On one play, reserve linebacker Rod Wilson dropped back into pass coverage, turning his hips and running downfield—just as he had done hundreds of times before. Only this time he pulled up in pain after tweaking his hamstring—an injury that unfortunately prevented him from playing in the Super Bowl.
Fast forward 13 years later and Wilson is back in south Florida, once again in pursuit of the same elusive Super Bowl victory that eluded him with the Bears—except this time he's there as assistant special-teams coach of the Kansas City Chiefs.
After watching from the sideline as the Bears lost Super Bowl XLI to the Colts, Wilson never dreamed that he'd ever have another opportunity to win an NFL championship ring, especially in the same stadium.
"To be honest with you, no," Wilson said this week during a telephone interview from Miami. "This is a tough thing to achieve, the ultimate game on Sunday. But I'm blessed and I'm happy to be back. And it's crazy that we're back in Miami."
Wilson is thrilled to have a second chance to win a Super Bowl, but he's not seeking redemption for the hamstring injury that prevented him from playing in the big game with the Bears. In fact, he sounds slightly embarrassed that some of the Chiefs players he coaches found out what transpired 13 years ago.

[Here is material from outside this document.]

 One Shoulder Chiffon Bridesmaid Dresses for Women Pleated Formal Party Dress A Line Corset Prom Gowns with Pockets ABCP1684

"I don't talk about it," Wilson said. "But every now and then it comes up, especially now. A lot of people didn't know about it. But it kind of got out there a little bit, in the locker room, so now I've got to kind of deal with it. Players ask me about it. I try to explain it to them. They want to know what happened."

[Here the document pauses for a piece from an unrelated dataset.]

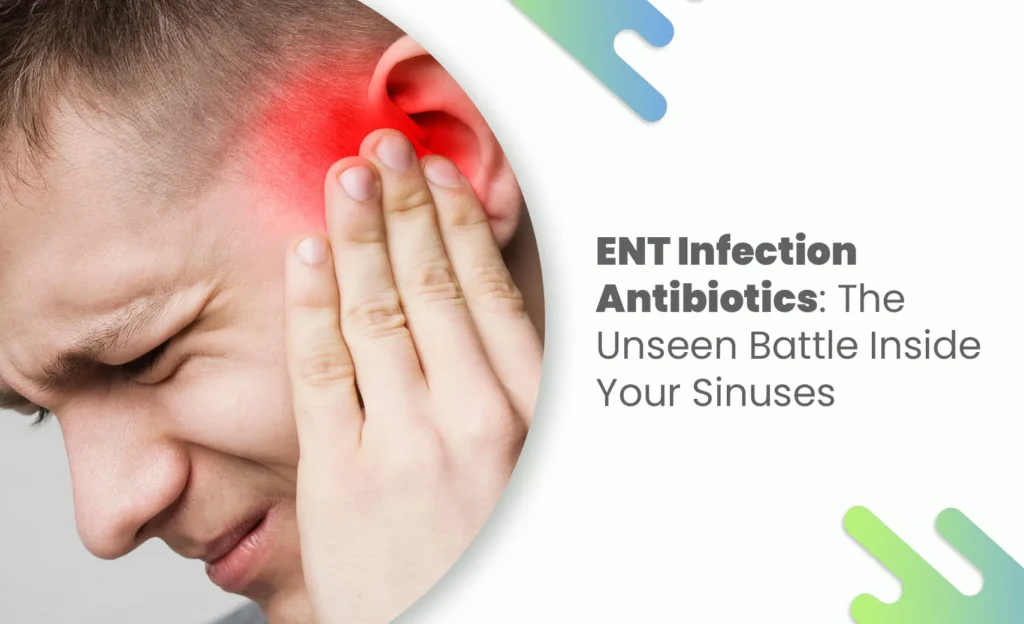 Man with ear pain showing ENT infection concept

Even after suffering the injury in the Bears' Friday practice, Wilson still hoped to play in Super Bowl XLI. But he was informed the day of the game that he would not be active. As you'd expect, the news crushed Wilson, who at the time was a valuable four-phase special-teams contributor.
"I came back into the locker room and sat at my locker and I was very emotional," Wilson said. "I remember [Bears center] Olin Kreutz coming over and telling me to keep my head up and saying, 'I'm sorry, but we're going to need you on the sideline cheering us on.'
"It was really big of Olin to do that. He was the first guy who said something to me. I kind of picked myself up after that. I just tried to be supportive in the locker room and on the sideline."
Wilson was selected by the Bears in the seventh round of the 2005 draft out of South Carolina. After missing his entire rookie year with a knee injury he sustained in a preseason game, he played in the final 13 regular-season contests in 2006 as well as playoff wins over the Seahawks and Saints.
Wilson appeared in 15 games with the Bears in 2007, but he broke his arm in a 2008 preseason contest and was released with an injury settlement.
After playing with the Buccaneers in 2009, Wilson returned to the Bears in 2010 following an injury to linebacker Hunter Hillenmeyer. The Bears won the NFC North title and advanced to the NFC Championship Game, where they lost to the Packers.
Wilson started his coaching career at the collegiate level, spending four seasons as inside linebackers coach at Charleston Southern University from 2013-16.
He then joined the Chiefs in 2017 as the assistant to special-teams coordinator Dave Toub, who coached Wilson while serving in the same role with the Bears under Lovie Smith from 2004-12.
"It's been great," Wilson said of his three seasons in Kansas City. "Having played for coach Toub and now being able to work for him, I already had an understanding of what he was looking for and what he wanted. It made the transition a whole lot smoother."
Wilson also loves working for Andy Reid, one of the NFL's most highly-respected head coaches. Reid has led the Eagles and the Chiefs to 15 playoff appearances in 21 seasons but is still seeking his first Super Bowl victory. It's something that Wilson hopes to help Reid accomplish Sunday when they face the San Francisco 49ers.
"I want to win for coach Reid," Wilson said. "Just watching how he works, how he keeps the players motivated and how the players love him, working for him has been a true blessing. He's consistent. You're going to get the same coach Reid every day. He's going to give 100 percent in everything he does, he's going to battle for you and he's legitimately the same guy every day."